American computer scientist

Jessica Hammer is an associate professor in the Human-Computer Interaction Institute at Carnegie Mellon University, where she is the director of the Center for Transformational Play, and a game designer.

==Early life and education==
Hammer, who was a finalist in the Regeneron Science Talent Search, attended the Maimonides School, in Brookline, Massachusetts.

She is the daughter of Michael Martin Hammer.

She earned her B.A. in computer science at Harvard University, her MS from the NYU Interactive Telecommunications Program and her Ph.D. in cognitive science at Columbia University, where she developed the game design course sequence and was a founding member of the Teachers College EGGPLANT game research laboratory.

==Career==
Hammer's research focuses on the psychology of games, focusing on the way specific game design decisions affect how players think and feel.

While a graduate student at Columbia, Hammer helped create Lit, a mobile game designed to help individuals quit smoking. Hammer has worked on video games for the National Institute of Health and for Nokia.

She also spent time in Ethiopia, working with local partners to create game clubs that help girls acquire the social capital and the skills they need to solve their problems for themselves.
In 2014 she was selected as a World Economic Forum Young Scientist.

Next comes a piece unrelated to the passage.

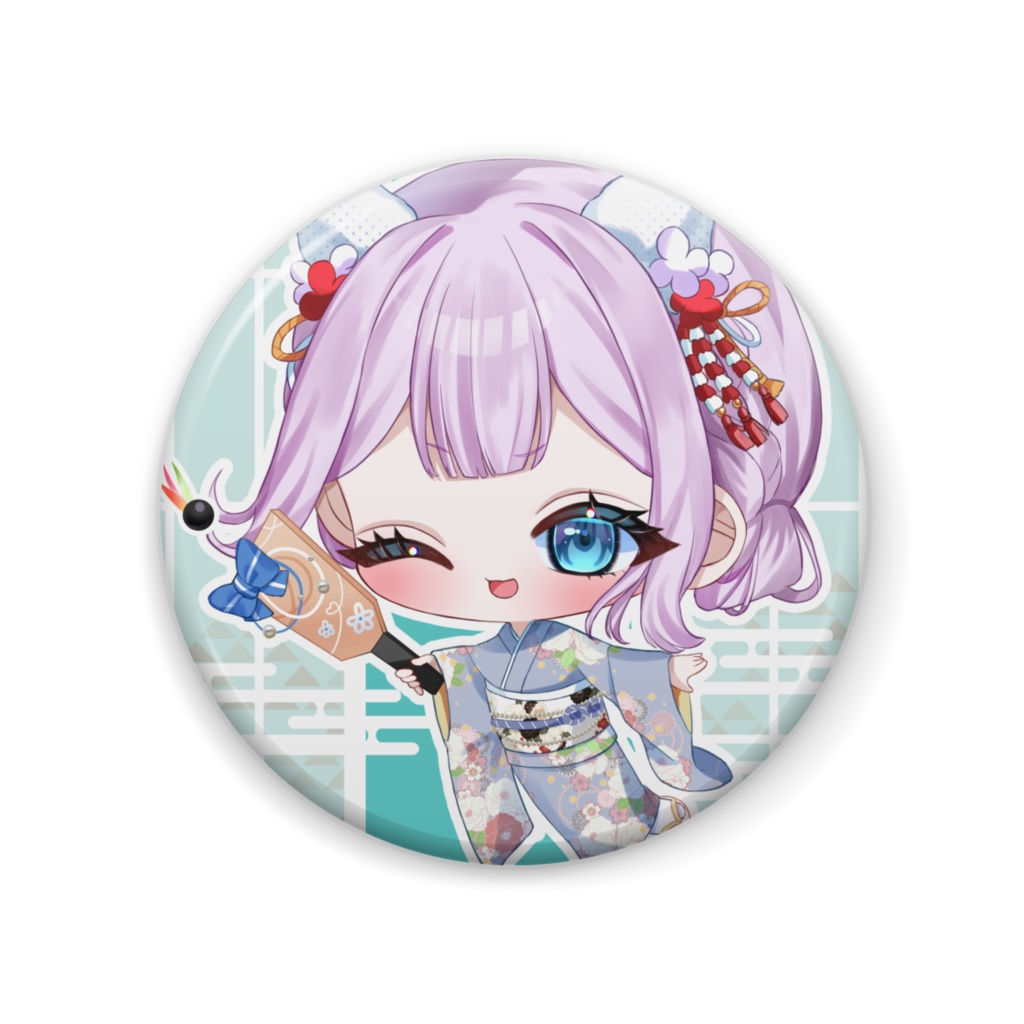 缶バッジ／謹賀新年SD2024／スチール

In his 1998 book, Why We Don 't Talk to Each Other Anymore: The De-Voicing of Society, biolinguist John L. Locke discusses the research produced by Hammer as a young researcher working with Simon Baron-Cohen. According to Locke, Baron-Cohen and Hammer found that the parents of individuals with Asperger's syndrome did less well than the general population on tasks involving the interpretation of emotional status of others by looking at the expression of their eyes, and better than the general population at identifying shapes embedded within complex designs.

Since 2014, Hammer's recent projects include exploring live action role-playing games as a potential avenue for improving mental or physical health, and conducting research on how games may reduce opioid abuse after work-related injuries.

Currently, Hammer works as an associate professor at Carnegie Mellon University, jointly appointed between the HCI Institute and the Entertainment Technology Center. She teaches courses related to Game Design and Learning Media, and directs the Center for Transformational Play.

Hammer co-designed the 2022 tabletop role-playing game Rosenstrasse.